Forum Moderators: Robert Charlton & goodroi

Message Too Old, No Replies

Google Sitemap Common Words in Site Content

Showing garbage/spammy content not found anywhere in my site

         

Jetgirl

4:17 pm on Apr 25, 2006 (gmt 0)

10+ Year Member



I have two very small sites. I have added XML formatted sitemaps into Google Sitemaps, and one of them is showing unexpected results in the Stats / Page Analysis / Common Words / In your site's content. It is a technical site, and some of the reported "content" is expected, the rest is just garbage/spam (i.e. íàõóé, èäè, òû, along with some terms definitely not found on my site).

As the site is relatively small, I do all the coding by hand, and I KNOW that I don't have anything like that in my code. Any help in tracking down how this is happening (so that I can fix it!?) would be greatly appreciated.

-Jetgirl

Jetgirl

5:39 pm on Apr 25, 2006 (gmt 0)

10+ Year Member



Update: I just found a result when doing a "site:www.example.com example" search in Google that has some of the suspect content in the search result description. However, the page does not contain the spammy content. How could the results have content that is not on my pages?

gellydonut

7:19 pm on Apr 25, 2006 (gmt 0)

10+ Year Member



This sounds like it could be a problem with character encoding. It does not only affect search engines but alternative browsers and could make your site unreadable to a small percentage of users. David Baron offers a nice explanation here: [dbaron.org...]

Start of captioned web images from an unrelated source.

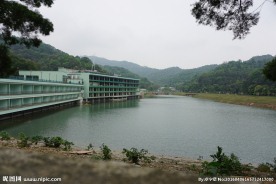 白云山下坑水库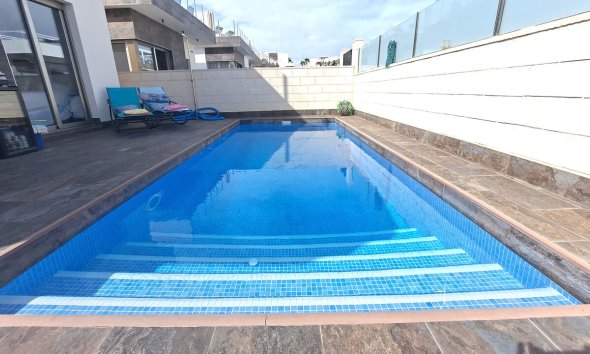 Resale - Villa - Pau 26 - Villamartin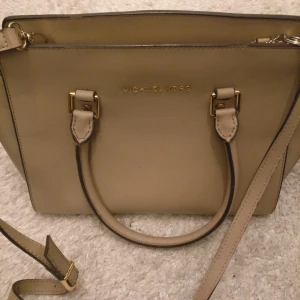 Väska - Ej orginal. Beige väska i fint skick 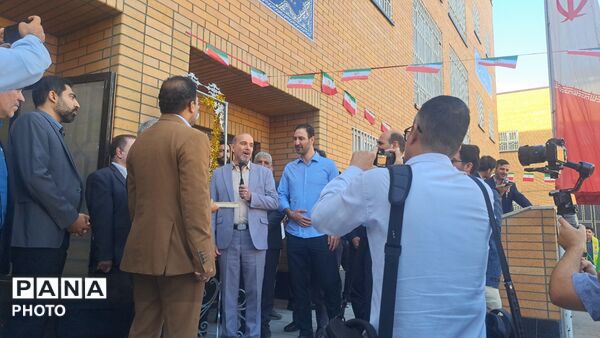 بازدید مسئولان ناحیه چهار قم از مدرسه سرای ایرانی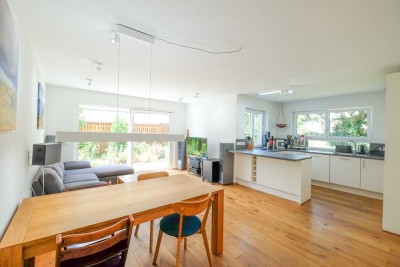 Exklusive Gartenwohnung mit Haus im Haus Ambiente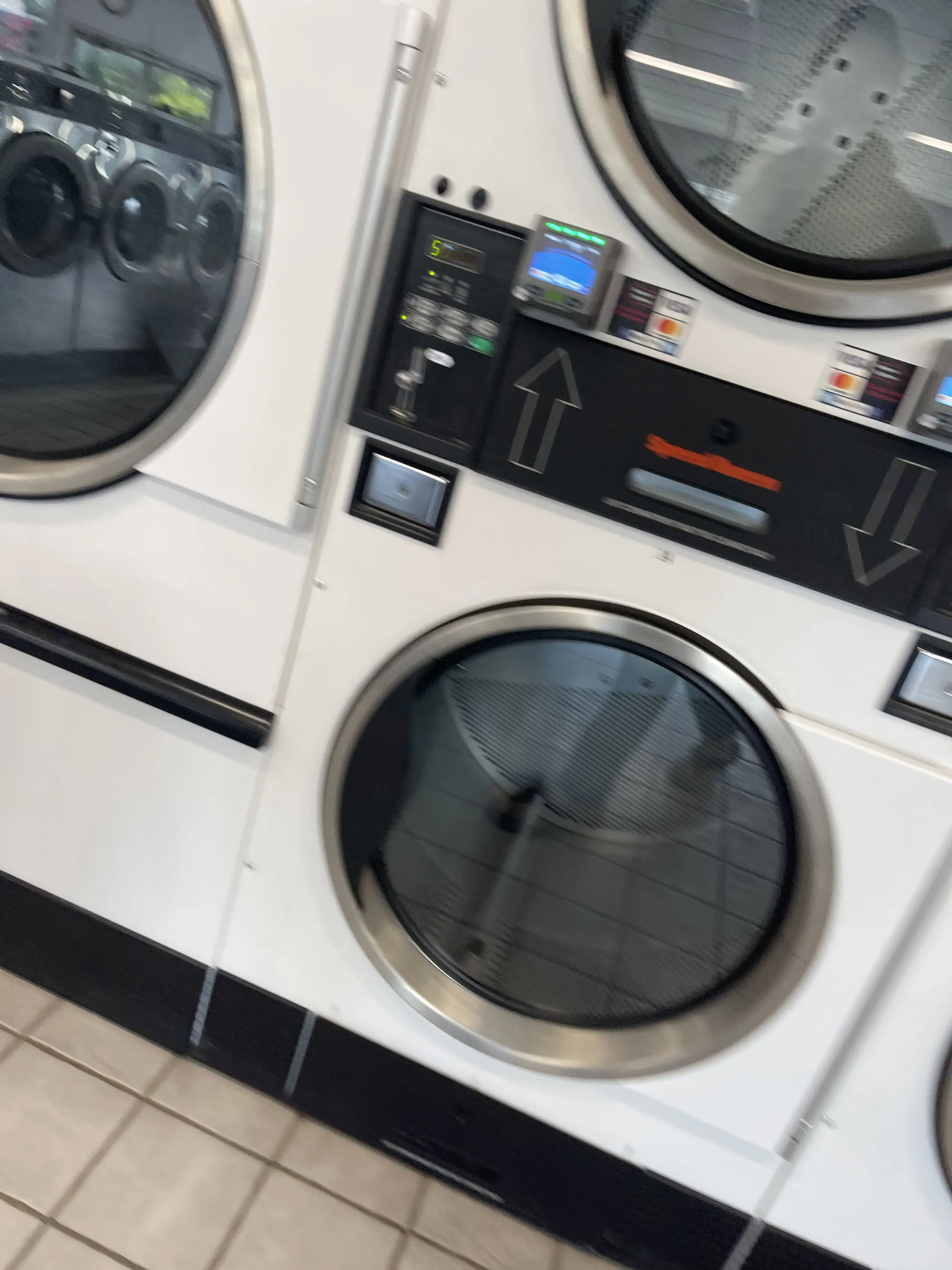 Thrifty Bundle Laundromat thumbnail 6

Make sure you declare your encoding (UTF-8 is best way to go in my opinion) in the header:

<meta http-equiv="Content-Type" content="text/html; charset=UTF-8" />

Jetgirl

7:47 pm on Apr 25, 2006 (gmt 0)

10+ Year Member



gellydonut -

Thanks for your reply. I already am declaring my encoding with the following meta tag:

<meta http-equiv="Content-Type" content="text/html;charset=utf-8" />

The only difference between your suggestion and my tag is the capitalization difference between UTF and I'm guessing that the capitalization doesn't mean anything.

The real problem seems to be with phantom text on a VERY few pages of my site. I have looked at the pages and there is no hidden text (white on white) that I can see - but I will be talking with the host for my site tonight to make sure they don't have a virus that could be causing some back-end addition of spam content to pages of their users. That's the only thing I can think of right now that would do this.